Особенно прибыльным был экспорт рабов в Америку. Европейские морские державы всячески поощряли работорговлю, и не только ради денег. Им было на руку узаконенное рабство «по другую сторону пруда» – Атлантического океана. На этом фоне и скрытое рабство собственных рабочих, и полурабство детей, которых обедневшие родители продавали фабрикантам в услужение, смотрелись не столь безобразно. И даже дети‑трубочисты, задыхавшиеся в дымоходах…
В Америке сгоняли с земель аборигенов – индейцев, которых бритты и французы теснили все дальше на запад, а их земли осваивал капитал. По законам страны самой первой и полной демократии даже в XIX веке гражданами США считались только европейские переселенцы. Верховный суд им дал право занимать земли индейцев, которых гражданами никто не считал.
А как же тогда с обменом эквивалентов? Все Марксовы законы построены на этом справедливом принципе. К чему его байки насчет упорного производства зерна и обмена его на холсты? Эти простейшие для понимания абстрактные формы обмена товаров, денег и рабочей силы, действительно справедливые, которые создал уже сам капитал, когда он сложился.Но это не значит, писал Маркс, что исторически именно таким путем и формировался капитал: холст за холстом, копеечка к копеечке, – на это ушли бы тысячелетия. А так всего каких‑то 300 лет грабежа – и вот вам капитал. Он возник исключительно из насилия.

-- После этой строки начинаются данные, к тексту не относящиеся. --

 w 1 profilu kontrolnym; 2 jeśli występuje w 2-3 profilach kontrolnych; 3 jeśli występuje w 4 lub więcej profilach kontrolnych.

Из присвоения земель, с которых сгоняли крестьян в Европе и аборигенов Америки, из труда рабов. Кроме Диккенса, можно и «Хижину дяди Тома» вспомнить.
К 1861 году, к началу Гражданской войны в США, в стране насчитывалось 4 млн рабов. Сложно сказать, сколько в Европе было скрытых полурабов и пауперов, которые бродяжили по континенту без средств к существованию. Наверное, раза в три‑четыре больше. Итого – навскидку – цена под 20 млн жизней за тяжкие роды нового строя. Если деньги «рождаются на свет с кровавым пятном на одной щеке, – пишет Маркс, –то новорожденный капитал источает кровь и грязь изо всех своих пор, с головы до пят»[5].
В 1865 году в США закончилась Гражданская война между Севером и Югом, в которой северяне сражались за отмену рабства. Не из гуманизма, а потому что свободные наемные рабочие стали нужны северянам на их фабриках. Чуть раньше в Европе закончились промышленные революции. Только после трех веков кровопролитий появился капитал в полном смысле этого слова. Он и установил обмен эквивалентов, который требовался всем, он отказался от рабского труда, который для фабричного производства непригоден!
Капиталу нужен свободный, сытый и неплохо соображающий рабочий. Естественным путем капитал подошел к установлению законов своего постоянного развития. Маркс лишь открыл их, как Ньютон открыл закон тяготения, хотя яблоки падали вниз и тысячи лет до него.
[1] Маркс К. Капитал. – М.: Госполитиздат, 1950. – Т. 1. – С. 726.
[2] Там же. С. 727.
[3] Там же.
[4] Там же. С. 729.
[5] Маркс К. Капитал. – М.: Госполитиздат, 1950. – Т. 1.